Nigeria’s Calamities

Posted by: Keith Kloor

Last week, there was a horrifying story out of Nigeria, in which

the attackers set upon the villagers with machetes, killing women and children in their homes and ensnaring the men who tried to flee in fishnets and animal traps, then massacring them, according to a Nigerian rights group whose investigators went to the area. Some homes were set on fire.

It was the latest, tragic episode of an ongoing vendetta between Muslims and Christians in Jos, Nigeria. Today, a NYT op-ed by a Nigerian journalist puts this incident in a larger perspective. The picture that unfolds in the op-ed crystallizes–at least to me–the kind of complexity that must bedevil environmental security scholars. For example, here’s the writer, exhibiting a weary, almost anesthesticized view of the normalized disorder in Nigeria:

But even if we decided to make more of a big deal out of our calamities, Jos, terrible as what happened there was, would have to patiently wait its turn. While ethno-religious violence takes place in Jos, people in Ebonyi State, who speak the same language and share the same religion, are massacring one another over natural resources. Disgruntled militants in the Niger Delta are threatening to cripple the economy by vandalizing more petroleum pipelines. Politicians are assassinated regularly in the western states; the elderly fathers and mothers of prosperous children are kidnapped and held for ransom in the east. And we know it’s just a matter of time before riots between Muslims and Christians break out again up north.
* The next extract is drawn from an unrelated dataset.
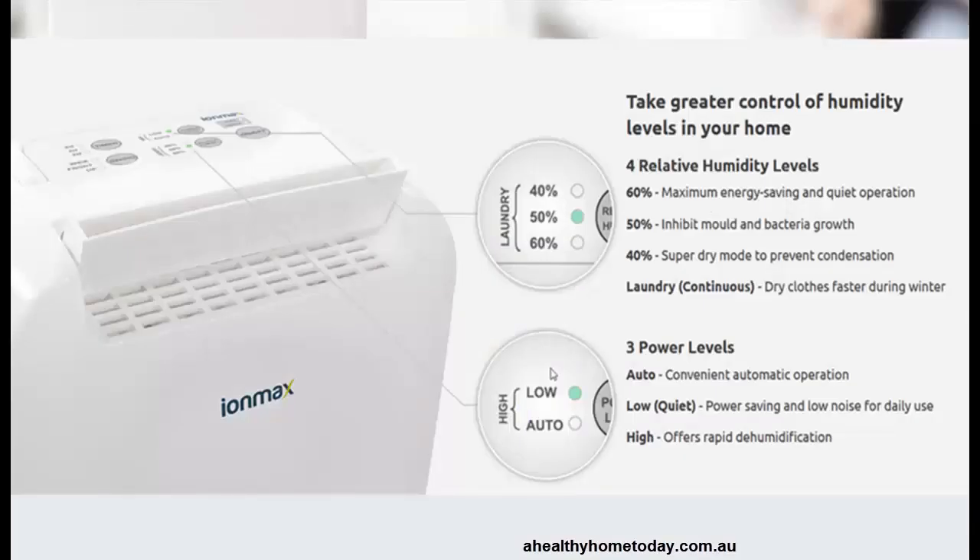It allows you to control the humidity level in the home. You can set it to say 50%. The normal humidity people recommend is 50 to 55%, so getting it to 50% you're going to stop the growth of mold in the room or in the house.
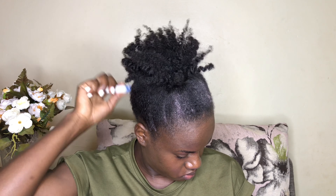Check for anything that is sticking out. That's a simple way for you to do a high ponytail on short natural hair. If you found value in this video, make sure you give it a thumbs up and subscribe to this YouTube channel so you never miss a video. Thank you very much for watching — see you in the next video, bye guys!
That’s a hell of knot for anyone to untie, especially environmental security experts, who examine the linkages between conflict and natural resources, among other socio/political factors. So I’m wondering if someone like Geoff Dabelko at the Woodrow Wilson Center, or anyone from the Center for for a New American Security (they have a program called Natural Security), could provide a a big-picture, environmental security perspective of Nigeria. Is there one overriding resource issue that runs through all the country’s aforementioned crisises? I’m not even sure what natural resources the people in Ebonyi State are killing each other over. You can start by explaining that one, then perhaps help me make sense of the whole, if that’s possible.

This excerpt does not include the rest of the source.